- Aim of the task -
Leave out the pictures and set down exactly the lines from the start of the listing through the one with "抖音直播怎么给别人点赞浏览（抖音直播怎么给别人点赞）", both included.

- Data for processing -
--

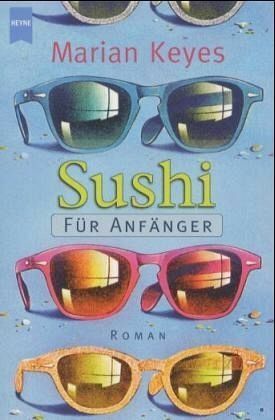 Sushi für Anfänger by Marian Keyes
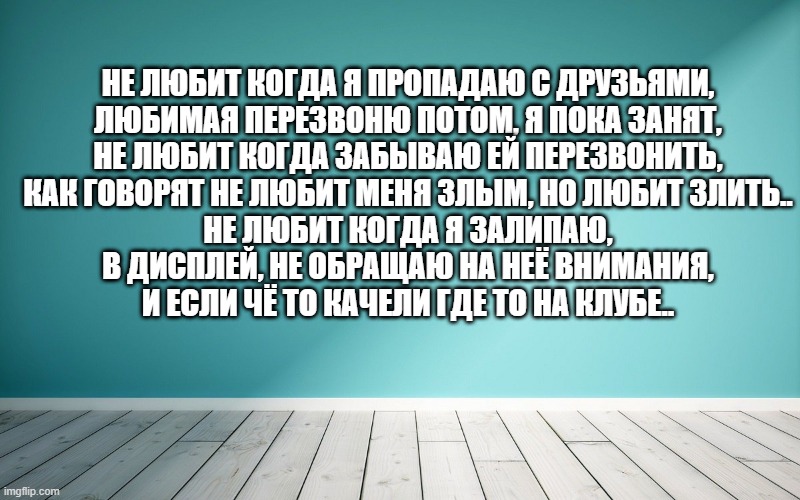 Не любит когда я пропадаю с друзьями, Любимая перезвоню потом, я пока занят, Не любит когда забываю ей перезвонить, Как говорят не любит меня злым, но любит злить.. Не любит когда я залипаю, В дисплей, не обращаю на неё внимания, И если чё то качели где то на клубе..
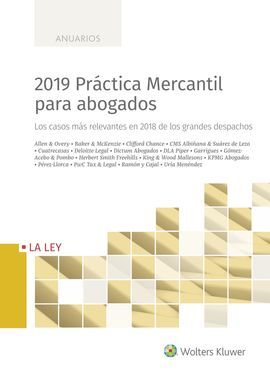 2019 PRÁCTICA MERCANTIL PARA ABOGADOS, 1ª EDICIÓN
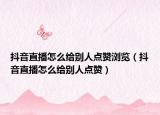 抖音直播怎么给别人点赞浏览（抖音直播怎么给别人点赞）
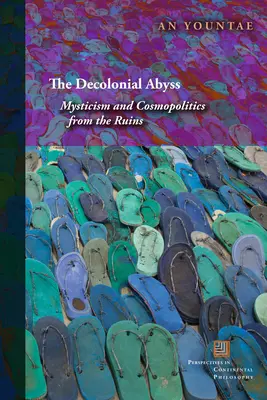 Dekolonialna otchłań: mistycyzm i kosmopolityka z ruin - The Decolonial Abyss: Mysticism and Cosmopolitics from the Ruins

--

- Expected answer -
 Sushi für Anfänger by Marian Keyes
 Не любит когда я пропадаю с друзьями, Любимая перезвоню потом, я пока занят, Не любит когда забываю ей перезвонить, Как говорят не любит меня злым, но любит злить.. Не любит когда я залипаю, В дисплей, не обращаю на неё внимания, И если чё то качели где то на клубе..
 2019 PRÁCTICA MERCANTIL PARA ABOGADOS, 1ª EDICIÓN
 抖音直播怎么给别人点赞浏览（抖音直播怎么给别人点赞）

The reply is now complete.